What to produce: An exact reproduction of the listing, minus the pictures, is the required output.

---------- Material to process

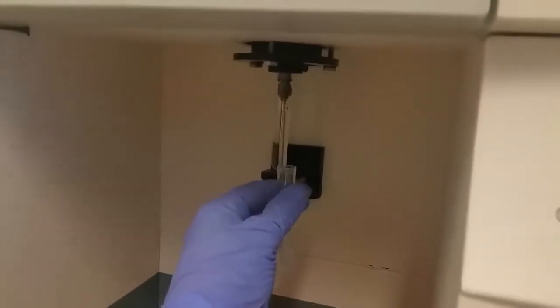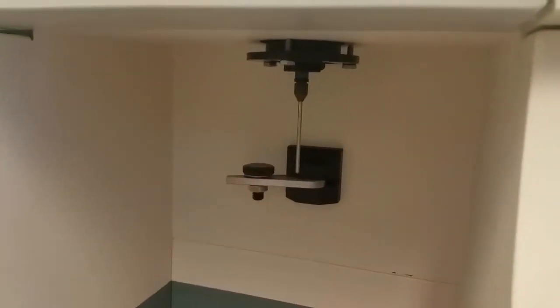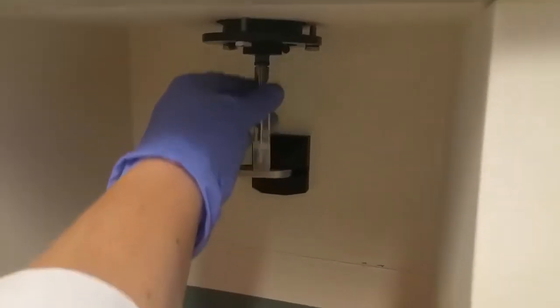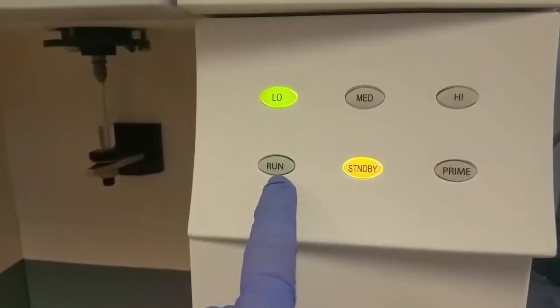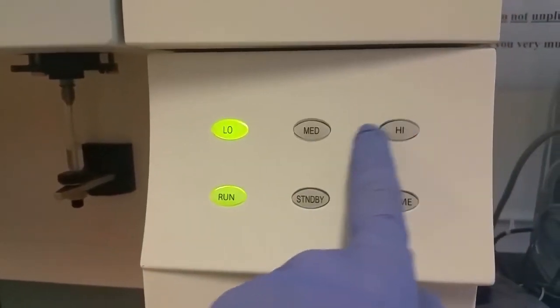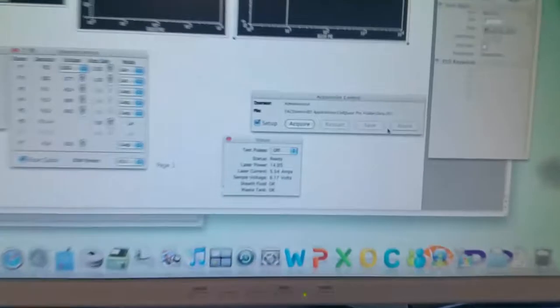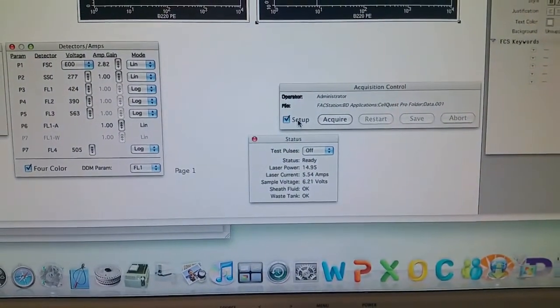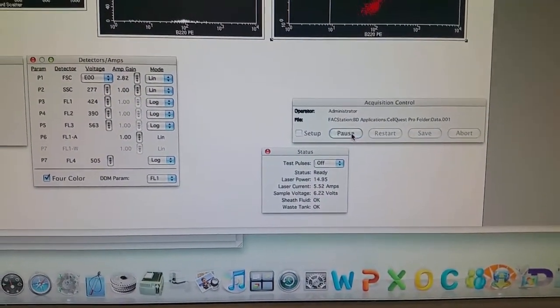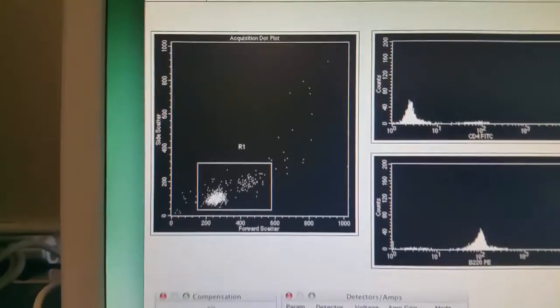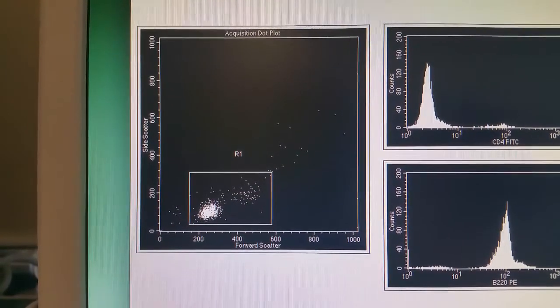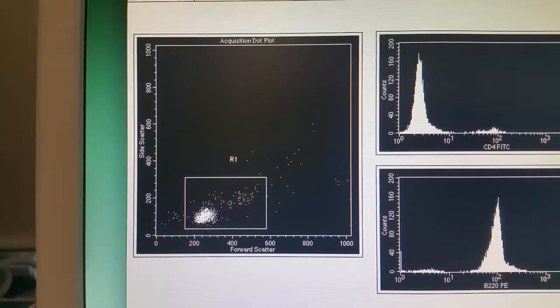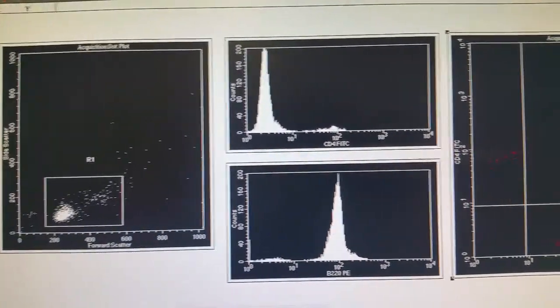Now it's time to put our sample on the machine. Our sample is composed of cells — we have B cells and T cells. We've added antibodies to this sample: the B cells are stained with B220-PE, and the T cells are stained with antibodies against CD4 that are FITC-labeled. We come over to the machine, turn off our setup button, and hit Acquire. As soon as we hit Acquire, the cells start showing up on our screen in real time. 1,000 cells are shown on the screen at a time, and we can see them appear individually as they pass by the laser.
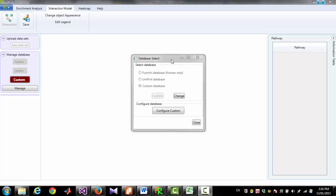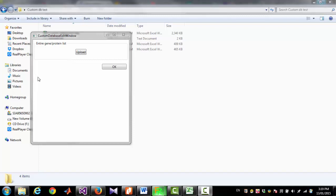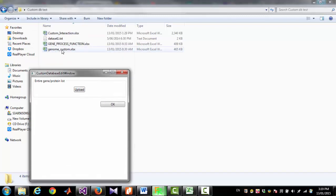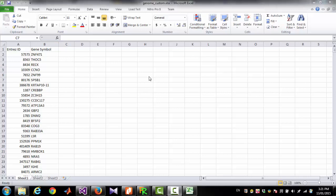To upload your file as a custom database, you have to click 'Configure Custom.' First, you have to upload the entire genome or proteome list. I am going to upload this file. This file has two columns: one is Entrez Gene ID and another is gene symbol. But you can upload a list of gene, protein, lipid, or anything.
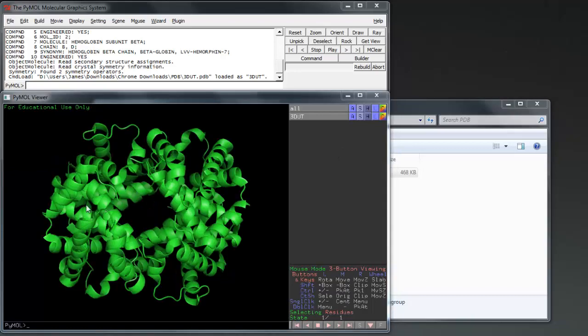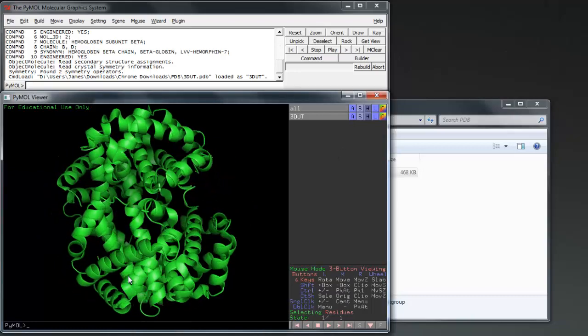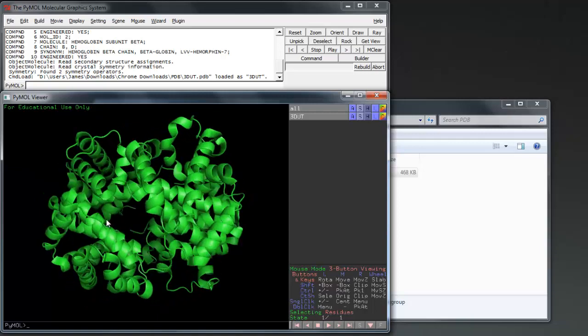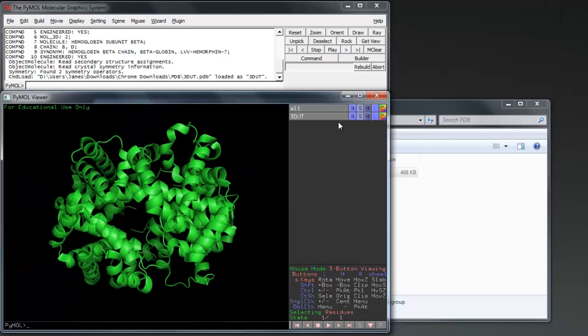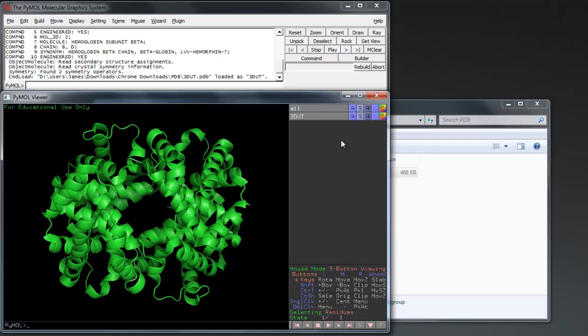Take a look around your protein using the mouse controls I talked about before, bearing in mind you are actually moving the camera, not the object. If you lose perspective of your protein, simply go to Action and Orient to reset the camera to the object.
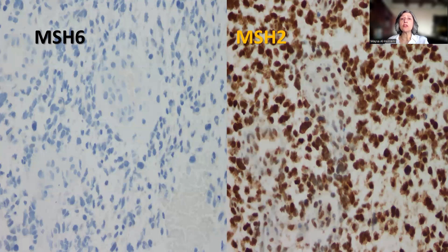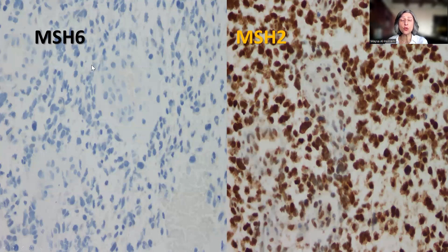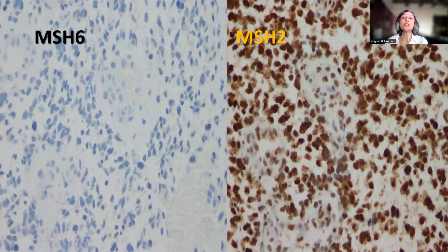However, in constitutional mismatch repair deficiency syndrome — also called biallelic mismatch repair deficiency syndrome — there is loss of nuclear staining in the normal tissue, including the vessels, as well as the tumor cells. The first reaction would be that the stain is not working and needs to be repeated, because one expects a positive internal control. In CMMRD, there is loss of both alleles by germline mutation, resulting in loss of protein expression in both normal and tumor cells.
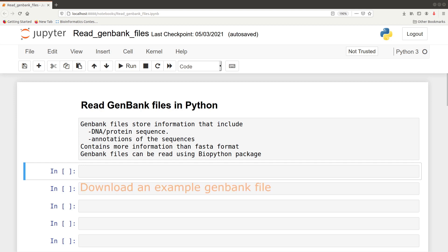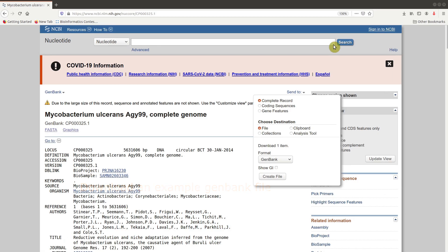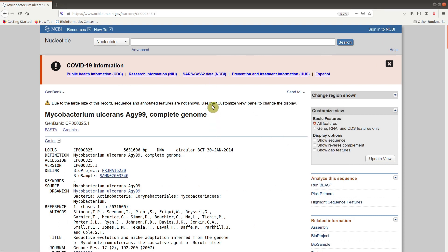Before we do that, we have to get a sample dataset. We'll visit the NCBI database to download the genome we'll use. This is the download page of the organism we are going to use — a bacterial species — and we are going to use its complete genome as an example for this tutorial.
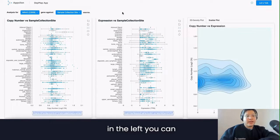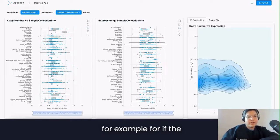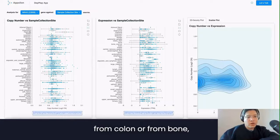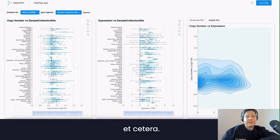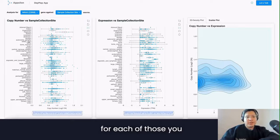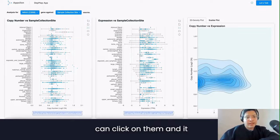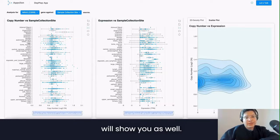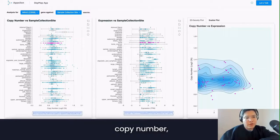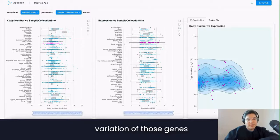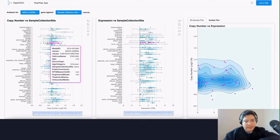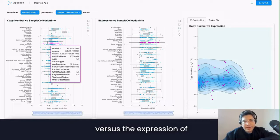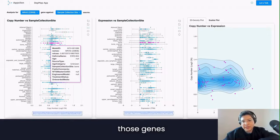On the left you can observe the copy number, for example, whether the sample collection was from colon or from bone. For each of those, you can click on them and it will show you as well. You can observe the copy number variation of those genes versus the expression of those genes.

--------------------

Task output:
Now it's time to put our sample on the machine. Our sample is composed of cells — we have B cells and T cells. We've added antibodies to this sample: the B cells are stained with B220-PE, and the T cells are stained with antibodies against CD4 that are FITC-labeled. We come over to the machine, turn off our setup button, and hit Acquire. As soon as we hit Acquire, the cells start showing up on our screen in real time. 1,000 cells are shown on the screen at a time, and we can see them appear individually as they pass by the laser.
To upload your file as a custom database, you have to click 'Configure Custom.' First, you have to upload the entire genome or proteome list. I am going to upload this file. This file has two columns: one is Entrez Gene ID and another is gene symbol. But you can upload a list of gene, protein, lipid, or anything.
Take a look around your protein using the mouse controls I talked about before, bearing in mind you are actually moving the camera, not the object. If you lose perspective of your protein, simply go to Action and Orient to reset the camera to the object.
However, in constitutional mismatch repair deficiency syndrome — also called biallelic mismatch repair deficiency syndrome — there is loss of nuclear staining in the normal tissue, including the vessels, as well as the tumor cells. The first reaction would be that the stain is not working and needs to be repeated, because one expects a positive internal control. In CMMRD, there is loss of both alleles by germline mutation, resulting in loss of protein expression in both normal and tumor cells.
Before we do that, we have to get a sample dataset. We'll visit the NCBI database to download the genome we'll use. This is the download page of the organism we are going to use — a bacterial species — and we are going to use its complete genome as an example for this tutorial.
On the left you can observe the copy number, for example, whether the sample collection was from colon or from bone. For each of those, you can click on them and it will show you as well. You can observe the copy number variation of those genes versus the expression of those genes.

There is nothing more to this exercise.